It’s no surprise that Sherri Aikenhead describes her life as a series of chapters. The former journalist turned public servant turned published author undoubtedly has an adventurous spirit, having lived and worked in three provinces while nurturing a 36-year marriage and raising three sons. But when Sherri discusses the trajectory of her story, these seemingly significant life changes do not come across as drastic—each was a natural progression resulting from recognizing a beneficial opportunity, trusting her inner guidance and taking a leap. The results of this self-assurance speak for themselves—and it all started with King’s.

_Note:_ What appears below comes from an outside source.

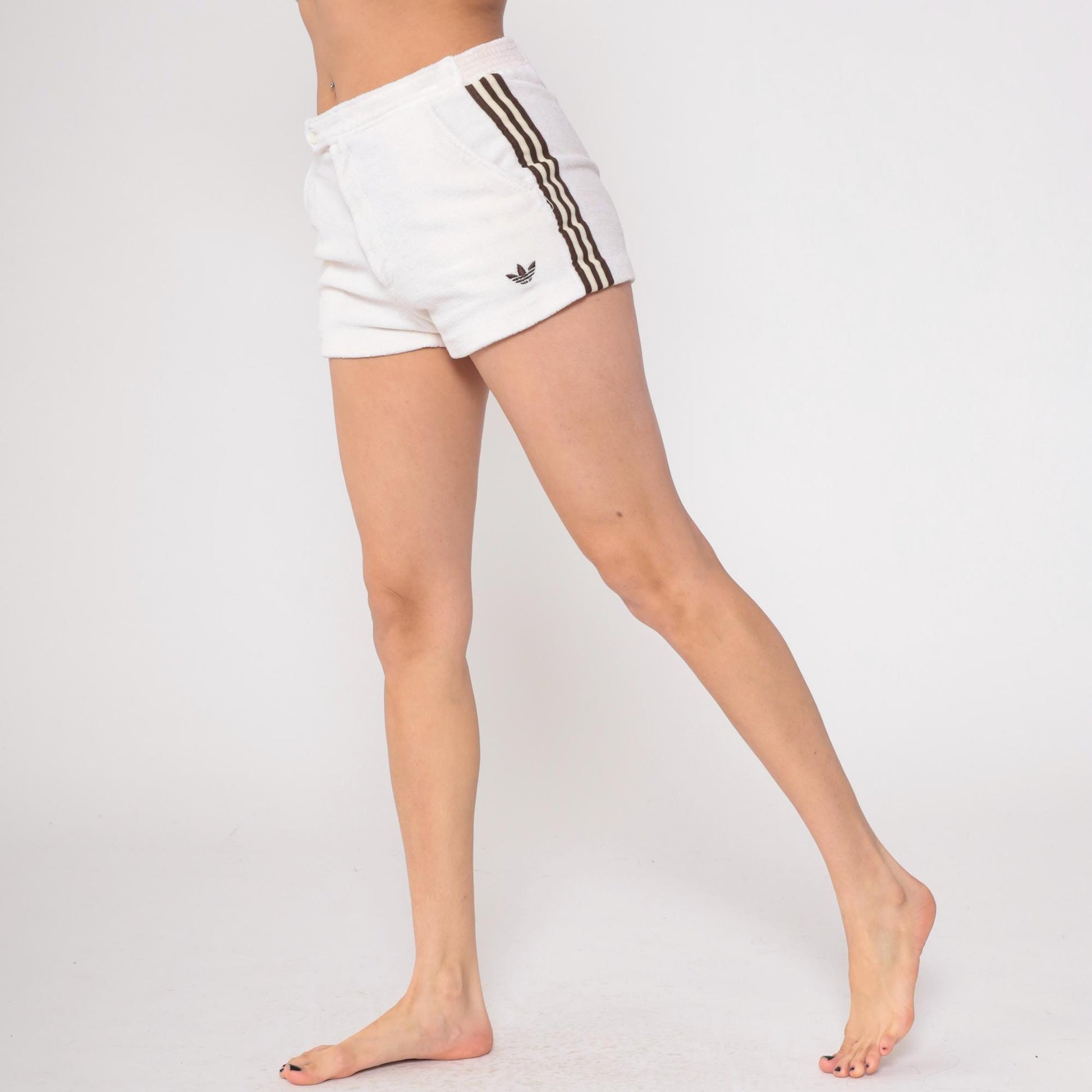 80s Adidas Terry Cloth Shorts White Brown Stripe Athletic Medium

In 1981, Sherri already had an acceptance letter from one of the country’s best journalism programs. Still, when the invitation to attend the Bachelor of Journalism (Honours) program at King’s arrived, the Fall River native knew she would stay in Nova Scotia.

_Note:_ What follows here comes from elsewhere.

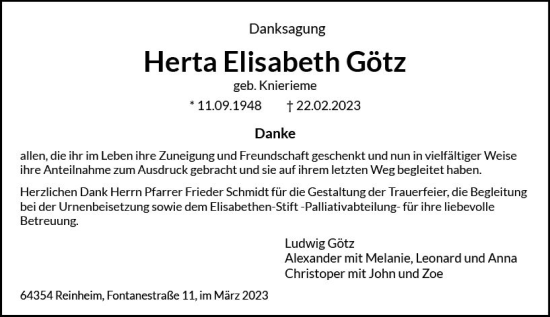 Traueranzeige von Herta Elisabeth Götz von Darmstädter Echo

“One of the most exciting moments of my young life was getting accepted to King’s because it was so competitive, and you really had to be a good writer,’ she says. “It was probably, in hindsight, the best thing that ever happened (to) me.”
Sherri still lights up thinking about her time at the university—the Foundation Year Program introduced her to a whole world of literature and ideas she wouldn’t have explored otherwise, and she had the chance to work with faculty—including Stephen Kimber, now MFA Cohort Director, and the journalism school’s first director, former Globe and Mail columnist George Bain. Pioneers of the program, they became mentors throughout her career.
“They really took an interest in every single student whether you were going into radio or broadcast or print,” she said. “(That’s) the value of going to a smaller university—it helps you develop individually.”
Her first journalism gig: writing obituaries.
“I started writing (obituaries) at the Daily News, my local newspaper, and thought that it was wonderful that I could get a summer job doing that,” she laughs.
Oh, and she also met her husband, Steve Warburton, BJ’85. After graduation, they headed to Toronto because Sherri was offered a job at a little political magazine: Maclean’s. “I was a very young staff writer at a national magazine right out of King’s,” she recalls. At Maclean’s Sherri gained exposure to national court cases—specifically a high-profile murder trial in Ontario. It piqued her interest in true crime and laid the foundation for a much larger project later on.
After a few years at Maclean’s, Sherri and her husband were recruited by the Edmonton Journal, so they packed up and moved to Alberta, where she spent seven years covering politics.
Returning to Edmonton from a stint in Ottawa, Sherri—now a mother of two—began to reevaluate her ideal work/life balance and where she and Steve wanted to raise their family. “You reach that point in your life where you’re like, are you ever going to go home?”
Sherri accepted a job at the Daily News in Halifax as the editor of the lifestyle section and eventually became the paper’s managing editor before deciding to leave the journalism industry in 2005. “Seeing the writing on the wall,” Sherri and her husband shifted to government communications before the financial crisis, which saw mass layoffs and newsroom closures nationwide.
Working in the province’s Justice Department revived Sherri’s interest in true crime and eventually inspired her first book, released in April 2023. Mommy Don’t tells the story of Karissa Boudreau, a 12-year-old girl from Bridgewater, N.S., who was murdered by her mother in 2008. In the days following Karissa’s disappearance, Penny Boudreau appeared on the news, begging the public to help find her daughter, but she was eventually arrested and charged with Karissa’s death. Sherri was working in the courtroom the day Penny pleaded guilty.
“I did not know she was going to plead guilty,” she says. “When she admitted to strangling her own daughter, I was shocked like everyone else in that courtroom … I came back to our offices and said, ‘I’m going to write a book about this one day.”
Researching the book, Sherri estimates she conducted around 30 interviews with Karissa’s family, former classmates, community members and the undercover officer on the case. As a mother, she said, “It was emotional … the reporting and the research of meeting all those individuals was probably some of the toughest (work) I’ve ever done.”
Sherri says it feels like her life has come “full circle.” Her niece Jenna Bain graduated from King’s with a Bachelor of Science in 2022 and she returned to storytelling and working with her King’s mentor, Stephen Kimber, to bring her book into the world.
“Journalism has always served me well and been my guiding beacon,” she says. “I love hearing people’s stories and helping them tell them.”